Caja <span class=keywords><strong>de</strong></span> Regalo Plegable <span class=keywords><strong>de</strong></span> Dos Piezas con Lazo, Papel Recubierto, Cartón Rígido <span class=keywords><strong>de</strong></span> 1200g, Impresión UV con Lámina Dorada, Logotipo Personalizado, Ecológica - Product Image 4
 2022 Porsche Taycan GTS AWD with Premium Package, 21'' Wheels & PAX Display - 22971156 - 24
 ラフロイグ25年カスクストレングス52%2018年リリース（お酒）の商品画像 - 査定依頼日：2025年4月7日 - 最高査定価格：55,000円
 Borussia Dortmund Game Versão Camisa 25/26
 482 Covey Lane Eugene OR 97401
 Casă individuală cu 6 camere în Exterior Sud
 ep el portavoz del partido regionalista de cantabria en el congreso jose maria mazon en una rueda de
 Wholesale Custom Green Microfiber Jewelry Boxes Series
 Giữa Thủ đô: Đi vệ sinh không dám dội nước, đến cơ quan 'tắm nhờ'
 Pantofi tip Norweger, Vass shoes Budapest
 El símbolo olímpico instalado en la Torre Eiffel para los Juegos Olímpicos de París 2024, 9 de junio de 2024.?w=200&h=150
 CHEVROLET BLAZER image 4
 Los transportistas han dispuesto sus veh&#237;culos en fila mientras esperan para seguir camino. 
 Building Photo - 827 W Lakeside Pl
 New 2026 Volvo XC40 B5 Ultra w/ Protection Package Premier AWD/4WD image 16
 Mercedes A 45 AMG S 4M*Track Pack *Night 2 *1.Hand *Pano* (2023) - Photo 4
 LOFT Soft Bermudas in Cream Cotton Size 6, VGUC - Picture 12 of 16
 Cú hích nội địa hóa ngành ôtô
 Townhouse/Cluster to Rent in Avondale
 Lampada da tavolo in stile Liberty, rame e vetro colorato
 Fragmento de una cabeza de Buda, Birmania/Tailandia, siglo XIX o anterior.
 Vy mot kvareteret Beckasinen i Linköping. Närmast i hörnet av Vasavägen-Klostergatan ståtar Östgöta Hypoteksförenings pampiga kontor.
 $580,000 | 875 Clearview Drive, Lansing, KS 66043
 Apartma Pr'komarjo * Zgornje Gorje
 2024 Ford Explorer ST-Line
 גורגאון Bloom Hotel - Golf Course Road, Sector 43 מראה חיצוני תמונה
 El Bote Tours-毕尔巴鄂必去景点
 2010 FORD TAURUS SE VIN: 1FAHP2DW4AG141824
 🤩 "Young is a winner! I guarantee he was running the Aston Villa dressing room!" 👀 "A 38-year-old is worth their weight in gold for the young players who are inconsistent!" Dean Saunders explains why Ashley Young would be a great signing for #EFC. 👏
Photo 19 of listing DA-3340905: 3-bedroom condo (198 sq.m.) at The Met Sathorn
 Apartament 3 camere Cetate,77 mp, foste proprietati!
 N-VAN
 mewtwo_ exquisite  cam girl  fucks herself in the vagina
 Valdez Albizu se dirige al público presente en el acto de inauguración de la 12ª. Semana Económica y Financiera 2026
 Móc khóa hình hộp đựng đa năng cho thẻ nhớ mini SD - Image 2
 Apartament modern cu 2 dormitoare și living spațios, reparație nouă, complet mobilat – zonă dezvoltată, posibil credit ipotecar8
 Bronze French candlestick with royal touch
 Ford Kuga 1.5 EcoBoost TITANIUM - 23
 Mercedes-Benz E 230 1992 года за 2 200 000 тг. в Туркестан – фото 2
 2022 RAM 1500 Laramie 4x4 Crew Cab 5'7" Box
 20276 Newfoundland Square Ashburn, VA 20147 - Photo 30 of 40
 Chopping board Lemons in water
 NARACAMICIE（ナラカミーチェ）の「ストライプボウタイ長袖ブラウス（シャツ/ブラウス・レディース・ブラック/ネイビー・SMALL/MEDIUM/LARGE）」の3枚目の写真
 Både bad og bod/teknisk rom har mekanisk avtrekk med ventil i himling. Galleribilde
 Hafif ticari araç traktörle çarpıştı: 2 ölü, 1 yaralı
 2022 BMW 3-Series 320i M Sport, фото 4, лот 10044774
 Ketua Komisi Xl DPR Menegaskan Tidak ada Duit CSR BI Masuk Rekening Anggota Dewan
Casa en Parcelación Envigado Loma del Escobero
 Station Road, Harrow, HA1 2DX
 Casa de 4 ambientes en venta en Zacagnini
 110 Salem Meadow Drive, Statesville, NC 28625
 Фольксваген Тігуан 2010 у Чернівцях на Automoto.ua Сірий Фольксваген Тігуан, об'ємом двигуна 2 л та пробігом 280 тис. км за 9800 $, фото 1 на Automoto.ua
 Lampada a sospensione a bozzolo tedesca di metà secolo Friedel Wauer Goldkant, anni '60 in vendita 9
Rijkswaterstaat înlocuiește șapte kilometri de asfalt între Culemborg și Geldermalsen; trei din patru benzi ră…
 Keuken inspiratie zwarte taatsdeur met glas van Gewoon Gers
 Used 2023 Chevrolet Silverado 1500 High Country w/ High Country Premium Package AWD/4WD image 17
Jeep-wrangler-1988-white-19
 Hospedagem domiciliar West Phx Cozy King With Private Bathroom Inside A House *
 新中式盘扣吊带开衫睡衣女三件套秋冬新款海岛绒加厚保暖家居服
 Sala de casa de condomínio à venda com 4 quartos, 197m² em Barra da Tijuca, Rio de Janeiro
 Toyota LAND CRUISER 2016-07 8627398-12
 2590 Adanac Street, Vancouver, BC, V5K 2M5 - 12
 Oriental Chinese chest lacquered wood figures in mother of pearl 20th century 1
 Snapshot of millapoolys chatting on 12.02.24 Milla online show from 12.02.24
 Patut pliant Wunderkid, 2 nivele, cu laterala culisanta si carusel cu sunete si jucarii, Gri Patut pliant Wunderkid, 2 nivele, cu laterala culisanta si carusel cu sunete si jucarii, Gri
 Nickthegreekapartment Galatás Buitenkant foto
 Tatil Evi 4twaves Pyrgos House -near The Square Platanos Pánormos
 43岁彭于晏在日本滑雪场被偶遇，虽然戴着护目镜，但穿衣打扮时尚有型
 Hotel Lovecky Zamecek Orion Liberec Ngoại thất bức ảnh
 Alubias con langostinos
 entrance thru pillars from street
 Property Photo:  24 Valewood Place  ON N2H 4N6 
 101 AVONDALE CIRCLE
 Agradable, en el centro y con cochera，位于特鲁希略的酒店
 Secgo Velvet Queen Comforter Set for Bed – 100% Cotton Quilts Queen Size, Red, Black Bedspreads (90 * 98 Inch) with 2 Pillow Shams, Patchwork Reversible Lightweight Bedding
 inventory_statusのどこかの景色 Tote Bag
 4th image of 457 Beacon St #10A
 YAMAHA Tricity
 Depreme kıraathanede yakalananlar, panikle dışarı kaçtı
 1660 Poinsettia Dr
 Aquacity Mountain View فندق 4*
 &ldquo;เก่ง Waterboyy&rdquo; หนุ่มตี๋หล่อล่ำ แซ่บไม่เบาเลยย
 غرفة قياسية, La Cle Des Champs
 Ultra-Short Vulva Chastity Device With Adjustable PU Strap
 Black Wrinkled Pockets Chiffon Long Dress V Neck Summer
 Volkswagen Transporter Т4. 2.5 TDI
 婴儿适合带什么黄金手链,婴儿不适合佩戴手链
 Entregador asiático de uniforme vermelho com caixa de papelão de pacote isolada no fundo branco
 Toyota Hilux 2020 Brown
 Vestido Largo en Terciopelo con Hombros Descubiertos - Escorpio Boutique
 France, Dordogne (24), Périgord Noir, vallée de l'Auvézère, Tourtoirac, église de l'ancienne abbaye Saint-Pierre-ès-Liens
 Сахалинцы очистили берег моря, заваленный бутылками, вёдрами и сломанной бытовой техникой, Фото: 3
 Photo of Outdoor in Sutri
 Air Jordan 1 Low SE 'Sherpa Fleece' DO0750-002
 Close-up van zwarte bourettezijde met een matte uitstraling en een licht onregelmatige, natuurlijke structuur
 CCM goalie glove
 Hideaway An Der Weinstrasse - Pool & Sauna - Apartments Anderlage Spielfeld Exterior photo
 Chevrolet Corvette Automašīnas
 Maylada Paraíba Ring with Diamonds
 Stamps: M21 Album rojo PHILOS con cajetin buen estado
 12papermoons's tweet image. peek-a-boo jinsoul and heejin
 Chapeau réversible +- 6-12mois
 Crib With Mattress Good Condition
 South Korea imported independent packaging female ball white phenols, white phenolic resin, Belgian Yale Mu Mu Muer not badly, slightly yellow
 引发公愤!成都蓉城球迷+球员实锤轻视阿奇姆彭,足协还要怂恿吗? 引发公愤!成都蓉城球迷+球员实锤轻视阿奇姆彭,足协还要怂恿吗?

····················

* [PROBLEM DESCRIPTION]:
In the listing above, find the line with "Volkswagen Transporter Т4. 2.5 TDI" and the line with "South Korea imported", then print exactly those two lines and every line between them, and nothing more.

* [RESPONSE TO THIS TASK]:
 Volkswagen Transporter Т4. 2.5 TDI
 婴儿适合带什么黄金手链,婴儿不适合佩戴手链
 Entregador asiático de uniforme vermelho com caixa de papelão de pacote isolada no fundo branco
 Toyota Hilux 2020 Brown
 Vestido Largo en Terciopelo con Hombros Descubiertos - Escorpio Boutique
 France, Dordogne (24), Périgord Noir, vallée de l'Auvézère, Tourtoirac, église de l'ancienne abbaye Saint-Pierre-ès-Liens
 Сахалинцы очистили берег моря, заваленный бутылками, вёдрами и сломанной бытовой техникой, Фото: 3
 Photo of Outdoor in Sutri
 Air Jordan 1 Low SE 'Sherpa Fleece' DO0750-002
 Close-up van zwarte bourettezijde met een matte uitstraling en een licht onregelmatige, natuurlijke structuur
 CCM goalie glove
 Hideaway An Der Weinstrasse - Pool & Sauna - Apartments Anderlage Spielfeld Exterior photo
 Chevrolet Corvette Automašīnas
 Maylada Paraíba Ring with Diamonds
 Stamps: M21 Album rojo PHILOS con cajetin buen estado
 12papermoons's tweet image. peek-a-boo jinsoul and heejin
 Chapeau réversible +- 6-12mois
 Crib With Mattress Good Condition
 South Korea imported independent packaging female ball white phenols, white phenolic resin, Belgian Yale Mu Mu Muer not badly, slightly yellow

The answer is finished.